Artık miadını dolduran ‘news feed’ vedası ve veri mahremiyeti odağı geç olsa da doğru hamleler gibi duruyor, ancak Facebook’un bu yeni statejide ne kadar başarılı olacağını tabii zaman gösterecek (ben pek ümitli de değilim). Son olarak; şirketin Instagram, (yakın gelecekte Business versiyonu ile gelir modelini yaratacak olan) WhatsApp ve Oculus satın almalarının ne kadar doğru hamleler olduğunu bugün tekrardan görüyoruz.
Bir pazar (‘target market’) olarak Türkiye
Yıllarca dijital ürünler söz konusu olduğunda Türkiye’nin potansiyel vadeden büyük bir pazar olduğunu konuştuk. 80 milyonluk genç nüfus, Avrupa’da bile tepeye oynayan (%75) mobil penetrasyon, Facebook’un en çok kullanıcıya sahip olduğu 3. ülke oluşumuz (bir zamanlar)... Sizi bilmiyorum ama ben son yıllarda ‘population paradox’ denen şeyi yaşadığımıza inanıyorum. Zira 80 milyonluk nüfusun gelir ve eğitim düzeyi belirli bir seviyenin üzerine çıkma (genel tüketim ürünleri hariç bir şey üretiyorsanız aslında buraya satıyorsunuz) oranı ne yazık ki yüzde 10 civarında. Üstelik aradan geçen zamana rağmen bu kitlenin oransal olarak olduğu gibi coğrafi olarak da yayılımı gerçekleşmedi.
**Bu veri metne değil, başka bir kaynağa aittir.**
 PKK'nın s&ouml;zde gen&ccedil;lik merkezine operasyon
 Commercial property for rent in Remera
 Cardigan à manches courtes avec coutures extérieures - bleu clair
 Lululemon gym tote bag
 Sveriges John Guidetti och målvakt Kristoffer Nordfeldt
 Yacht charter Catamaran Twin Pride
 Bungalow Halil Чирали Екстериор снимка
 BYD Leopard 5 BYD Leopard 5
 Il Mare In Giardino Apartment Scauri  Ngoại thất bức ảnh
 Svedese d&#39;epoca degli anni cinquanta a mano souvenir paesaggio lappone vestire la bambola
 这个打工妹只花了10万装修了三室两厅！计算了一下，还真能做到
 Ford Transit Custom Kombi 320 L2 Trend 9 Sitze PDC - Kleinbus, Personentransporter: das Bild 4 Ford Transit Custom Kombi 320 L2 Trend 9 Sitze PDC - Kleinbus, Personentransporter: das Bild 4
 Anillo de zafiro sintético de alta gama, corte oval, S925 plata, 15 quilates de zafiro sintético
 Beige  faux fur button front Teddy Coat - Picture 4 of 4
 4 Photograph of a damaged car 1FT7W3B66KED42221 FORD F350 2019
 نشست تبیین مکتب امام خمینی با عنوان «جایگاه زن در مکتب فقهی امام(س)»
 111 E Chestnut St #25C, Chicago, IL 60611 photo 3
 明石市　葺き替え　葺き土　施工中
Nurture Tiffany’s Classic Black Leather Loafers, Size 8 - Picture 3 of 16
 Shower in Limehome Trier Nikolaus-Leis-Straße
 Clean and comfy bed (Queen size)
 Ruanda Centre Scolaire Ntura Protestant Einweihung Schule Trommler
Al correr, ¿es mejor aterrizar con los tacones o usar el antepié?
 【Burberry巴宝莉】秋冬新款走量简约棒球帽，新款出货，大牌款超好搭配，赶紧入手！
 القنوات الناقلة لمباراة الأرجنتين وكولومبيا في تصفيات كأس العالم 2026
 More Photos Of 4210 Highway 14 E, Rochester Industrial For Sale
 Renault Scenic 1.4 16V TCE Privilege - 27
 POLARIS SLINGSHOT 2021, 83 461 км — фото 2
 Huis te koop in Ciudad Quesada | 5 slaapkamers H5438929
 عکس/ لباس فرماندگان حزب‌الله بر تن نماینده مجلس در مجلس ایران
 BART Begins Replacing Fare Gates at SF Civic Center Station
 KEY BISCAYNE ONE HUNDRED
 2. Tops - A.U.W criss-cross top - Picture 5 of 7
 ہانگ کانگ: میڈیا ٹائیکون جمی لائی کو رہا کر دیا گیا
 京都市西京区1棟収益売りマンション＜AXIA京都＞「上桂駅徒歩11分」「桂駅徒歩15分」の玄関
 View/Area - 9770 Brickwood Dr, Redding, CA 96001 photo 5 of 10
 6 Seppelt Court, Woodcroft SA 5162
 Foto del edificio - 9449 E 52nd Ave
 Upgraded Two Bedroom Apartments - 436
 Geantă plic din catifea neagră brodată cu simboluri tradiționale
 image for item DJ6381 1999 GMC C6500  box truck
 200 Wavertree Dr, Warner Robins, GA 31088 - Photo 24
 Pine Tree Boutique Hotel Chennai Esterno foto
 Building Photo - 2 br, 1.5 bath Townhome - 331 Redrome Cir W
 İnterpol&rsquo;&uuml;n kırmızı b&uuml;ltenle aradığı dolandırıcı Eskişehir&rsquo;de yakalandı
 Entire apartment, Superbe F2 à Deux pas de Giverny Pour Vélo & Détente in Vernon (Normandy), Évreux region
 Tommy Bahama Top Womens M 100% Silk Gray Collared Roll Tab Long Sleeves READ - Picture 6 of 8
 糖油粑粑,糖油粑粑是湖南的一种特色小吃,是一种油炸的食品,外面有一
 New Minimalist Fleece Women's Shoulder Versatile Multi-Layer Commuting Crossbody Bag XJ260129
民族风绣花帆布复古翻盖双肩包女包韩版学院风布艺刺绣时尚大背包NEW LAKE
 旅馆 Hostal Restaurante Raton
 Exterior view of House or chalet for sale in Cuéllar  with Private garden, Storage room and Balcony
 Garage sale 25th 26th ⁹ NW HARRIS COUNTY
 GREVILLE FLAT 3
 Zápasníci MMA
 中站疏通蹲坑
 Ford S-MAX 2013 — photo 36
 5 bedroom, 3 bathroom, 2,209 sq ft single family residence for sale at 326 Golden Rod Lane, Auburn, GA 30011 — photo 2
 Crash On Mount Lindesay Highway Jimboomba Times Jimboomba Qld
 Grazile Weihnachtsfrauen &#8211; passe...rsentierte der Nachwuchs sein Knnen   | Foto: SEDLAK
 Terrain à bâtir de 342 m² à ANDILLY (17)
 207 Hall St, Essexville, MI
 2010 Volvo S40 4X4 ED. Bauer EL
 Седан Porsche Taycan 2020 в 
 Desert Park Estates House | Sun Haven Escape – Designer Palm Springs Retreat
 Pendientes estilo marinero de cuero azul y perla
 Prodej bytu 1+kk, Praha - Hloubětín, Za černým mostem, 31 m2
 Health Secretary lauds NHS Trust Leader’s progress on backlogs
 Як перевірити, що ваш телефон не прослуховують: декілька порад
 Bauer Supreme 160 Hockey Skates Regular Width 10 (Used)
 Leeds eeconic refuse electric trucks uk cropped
Sözü fazla uzatmayacağım, asıl olarak sizinle paylaşmak istediğim iki araştırma var. Birincisi ‘Türkiye İş Ahlakı Araştırması’, ikincisi ise Konda’nın 10 yıl arayla yaptığı ‘Hayat Tarzları Araştırması’. Türkiye’yi daha iyi tanımak için her ikisini de tavsiye ederim.
İnteraktif video’nun geleceği, Typeform
2019’un ilk günlerinde yayınlanan ‘Black Mirror: Bandersnatch’ ile beraber tekrardan gündem olan interaktif video konseptinden biraz bahsetmek istiyorum.
İnteraktif video’lar tabii ki de yeni bir şey değil, zira bundan 6 ay kadar önce ünlü online form aracı Typeform da şirket içinde düzenlediği bir hackathon’da interaktif videolar üzerine çalışmış ve ortaya ağızlara bir parmak bal çalan bu iş çıkmış. (hem video’yu izleyebilir hem de blog yazısını okuyabilirsiniz) Kısa vadede Netflix gibi platformlarda interaktif video içeriklerini daha çok göreceğimizi tahmin etmek güç değil. Diğer yandan Typeform örneğinde olduğu gibi video içerik tükettiğimiz/tüketebileceğimiz diğer mecralarda da (online eğitim platformları özellikle bir potansiyel barındırıyor) interaktif video’ların popüler olacağını düşünüyorum. Bu noktada bir taşla vurulan kuşlar: oyunlaştırma dinamikleriyle daha kolay ilgi çekmek/akılda kalmak ve daha çok veri toplamak.
Kısalar...
Çiçeksepeti’nin .NET Core ve Linux Geçişi
Çiçeksepeti’nin .NET’ten önce .NET Core ve ardından ASPNET Core’a (evet, tam olarak aynı şey değiller) geçişi, altyapısını Linux’a taşıması hakkında doyurucu bir yazı. Karşılaşılan eknik sorunlar ve kronolojik anlatım yazılım geliştiriciler için eminim faydalı olacaktır.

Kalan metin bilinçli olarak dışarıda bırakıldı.